# Ruger M77 Mark II International



## TIMfromTroy (Jan 24, 2005)

I am looking into buying a Ruger M77 Mark II International. It recently became available in 6.5X55 and 7mm-08. As I am looking for a Michigan deer gun, these two calibers are of interest to me. I already own a 30-06 so the other caliber choices for this rifle (.308, .270, 30-06) aren't as appealing. The rifle is also chambered in .243 but I'd like a little more power than that. 

Balistically 6.5X55 and 7mm-08 are similar with the 7mm-08 having somewhat greater range and power. In terms of "killing power" whatever that means, these cartridges fall some where between the 30-30 and 30-06.

Is 6.5X55 too obscure? What are the chances it will go out of production?

Which would you choose?


----------



## Swamp Monster (Jan 11, 2002)

I would choose the 6.5x55 in that particular gun. The cartridge has been around forever and commercially loaded ammo will always be available but it isn't and won't be available in numerous brands and bullet weight/choices like the 7mm-08 is. No matter though as there are enough to satisfy. It's a great caliber for deer. The 7mm-08 is ofcourse great as well...arguably about as ideal as one can get for deer. But, the 6.5x55mm is the pefect marriage for the style of the Ruger International...the two just fit!! I want a Ruger #1 International and the only caliber choice I will consider is the 7x57mm Mauser for the same reason...they just fit!
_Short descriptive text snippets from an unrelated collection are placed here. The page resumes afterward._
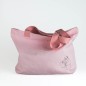 Totebag Diddl – Rose Rêverie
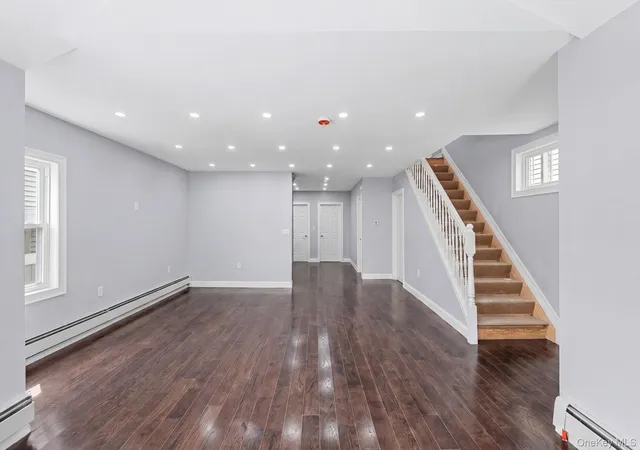 2nd image of 13344 118th St, New York, NY 11420 | MLS# 1027225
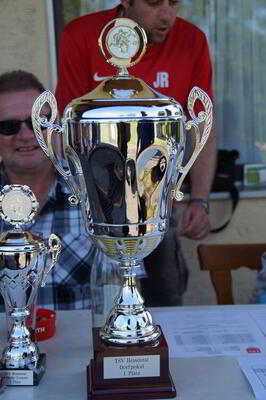 Dorfpokal 2016 – Bild 9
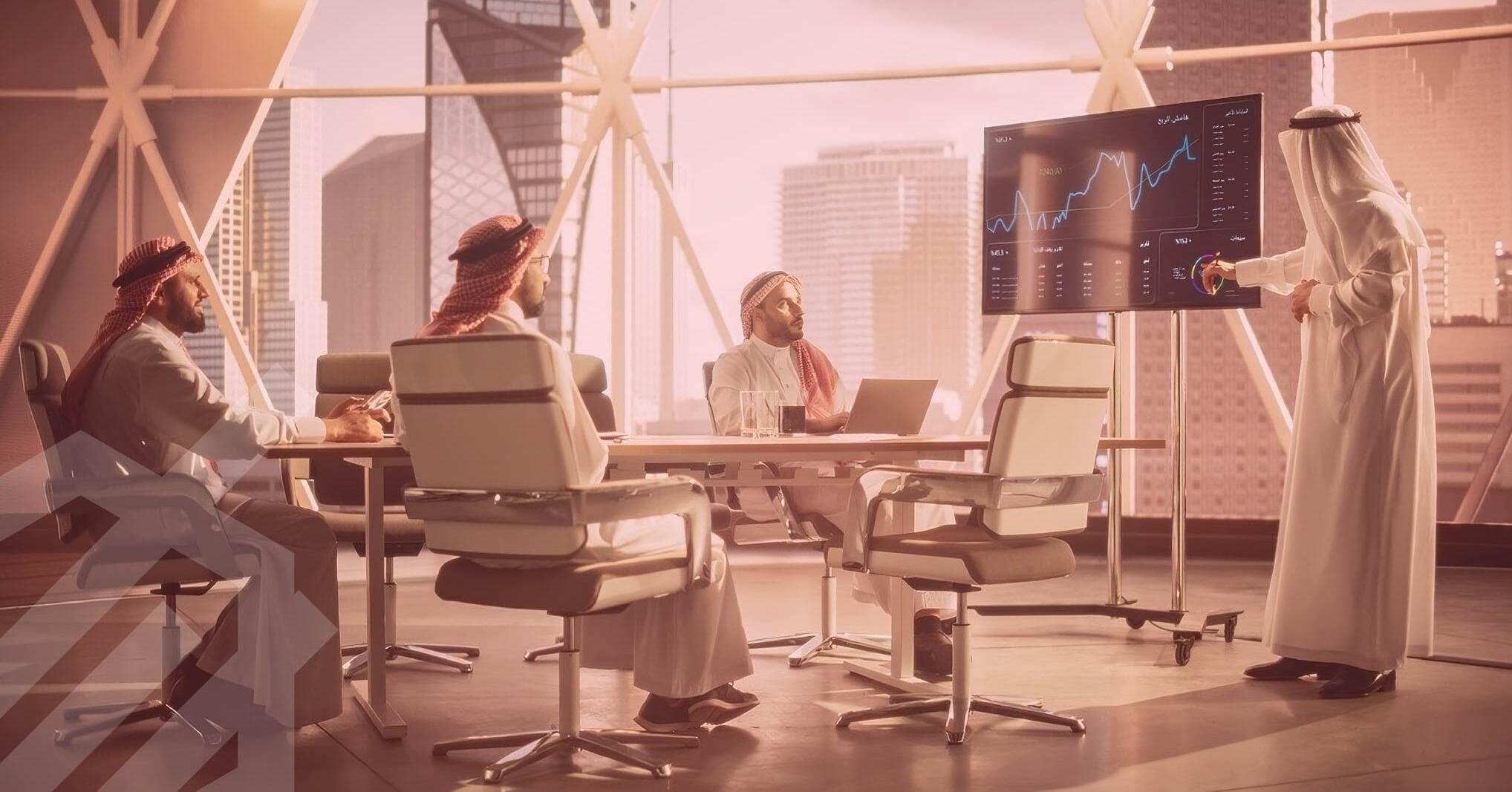 من هنا تبدأ رحلتك الاستثمارية نحو استثمار آمن ومربح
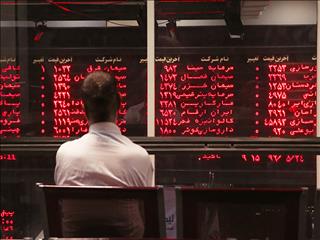 عیار دو مدل حمایت بورسی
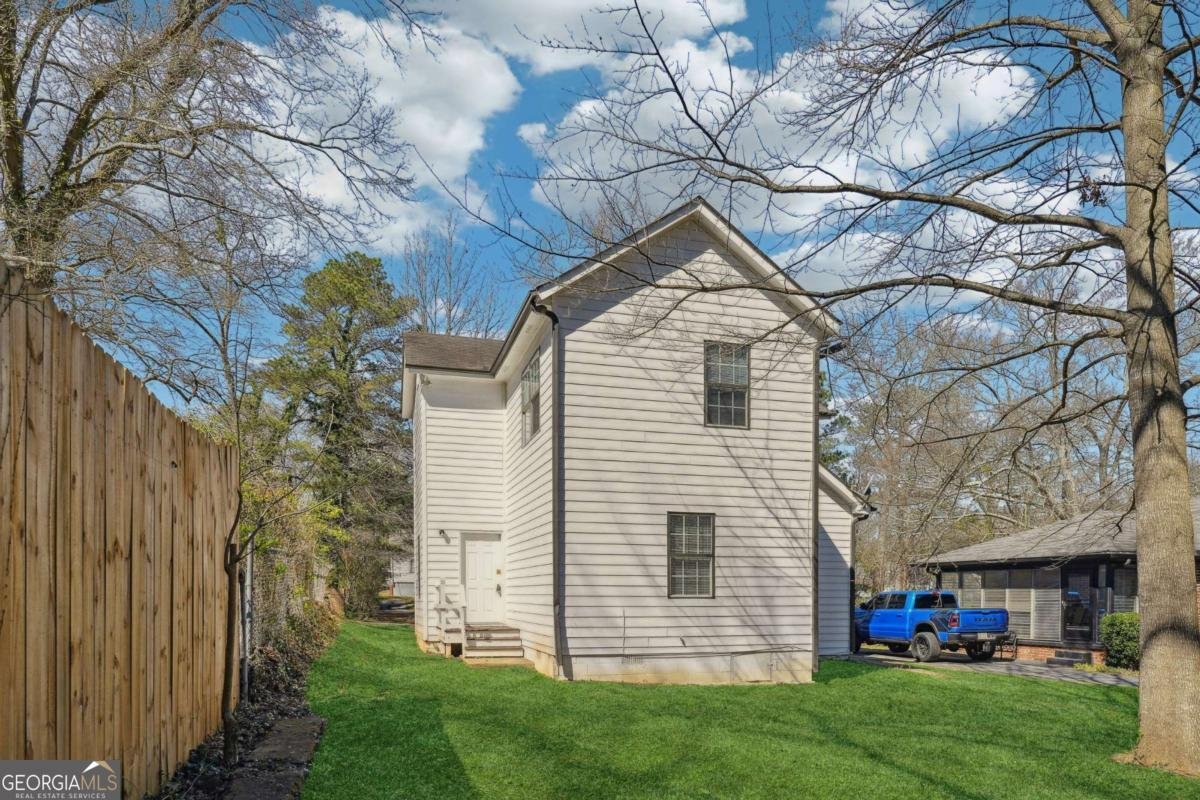 260 Westview Place Atlanta - 17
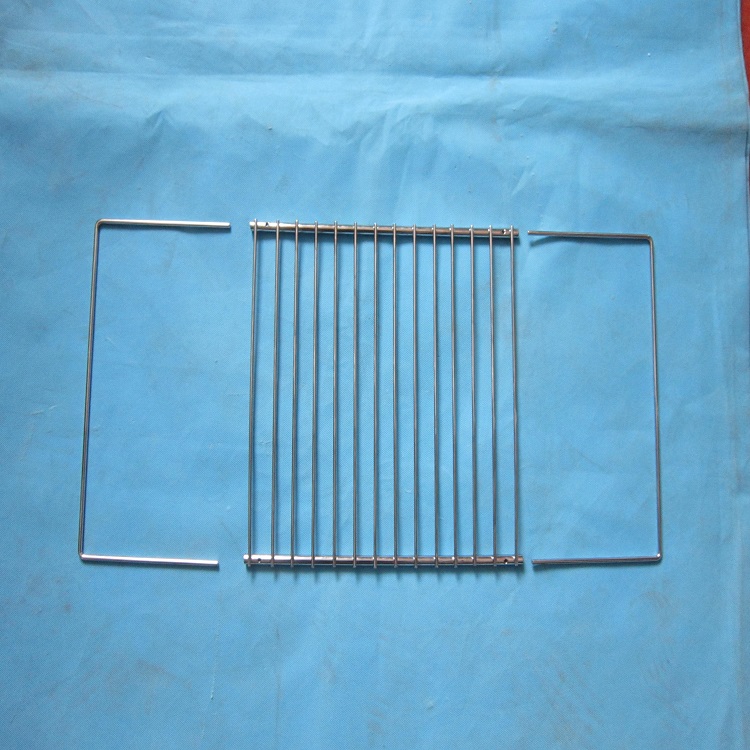 WM-06.JPG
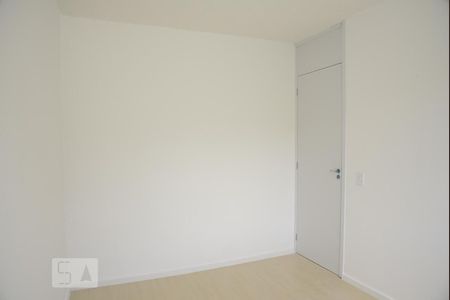 Quarto 1 de apartamento à venda com 2 quartos, 60m² em Curicica, Rio de Janeiro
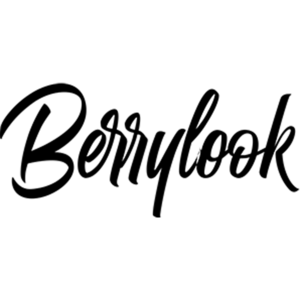 Berrylook.com affiliate marketing program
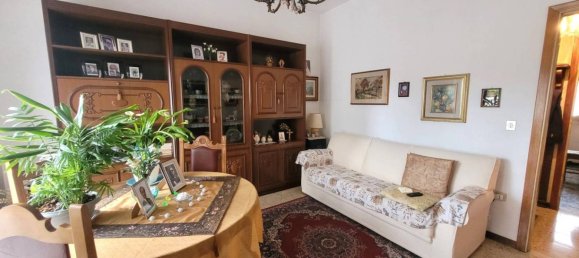 Apartamento de 2 dormitorios en Collebeato, Italy No. 374978 7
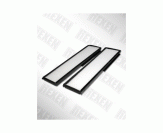 HEXEN FS8193 (K1242-2X)-(CU3822-2)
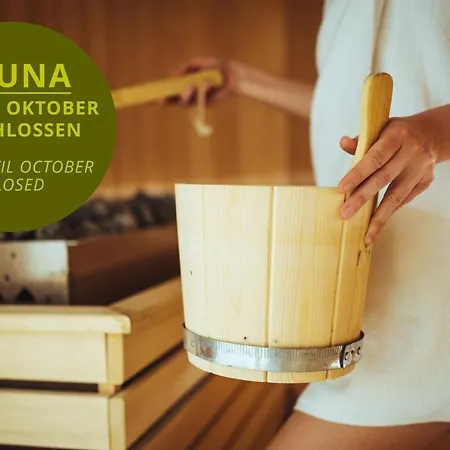 Grimm's Potsdamer Platz فندق برلين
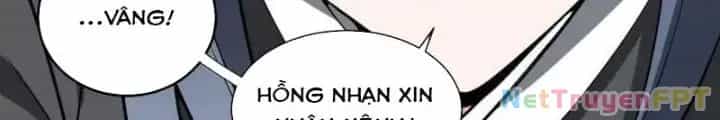 Ta Nằm Liền Biến Cường - Chương 31 - ảnh 14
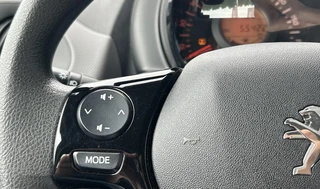 Peugeot 108 – thumbnail 19
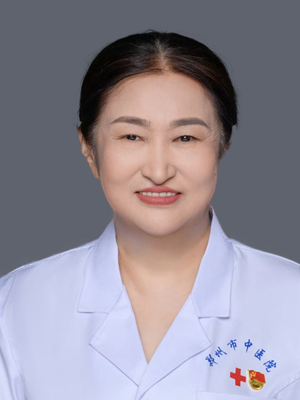 王晓燕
The cool factor of the International along with the only one in camp with a 6.5 is a plus imo as well. 

My ex father in law hunted with a custom mauser in 6.5 and it was deadly on deer.


----------



## ONEBADAPPLE (Sep 23, 2001)

whichever caliber you choose no doubt you will end up with a badass looking rifle!!!!!
me im just into the .308win when it is avalible in certain models
enjoy
OBA


----------



## Skibum (Oct 3, 2000)

I'm not sure I'd consider the 6.5x55mm unless you are a handloader. Nothing against the cartridge but finding factory ammo might be dicey. Great deer round though. 7mm-08 is a fabulous round as well. Ballistically similar to my favorite, the 7x57mm. I've always thought the International in a 7x57 would be the perfect factory deer rifle.


----------



## old professor (Oct 26, 2008)

I once owned a Ruger International in 7x56 Mauser. One of the best deer rifles I have ever owned. For the life of me I can not figure why I ever sold it. If I were buying one today, I would choose the 7mm08. Pretty close to the perfect short action deer cartridge IMHO.


----------



## 6thMichCav (Nov 8, 2007)

7mm-08 vs. 6.5x55 is a really tough choice!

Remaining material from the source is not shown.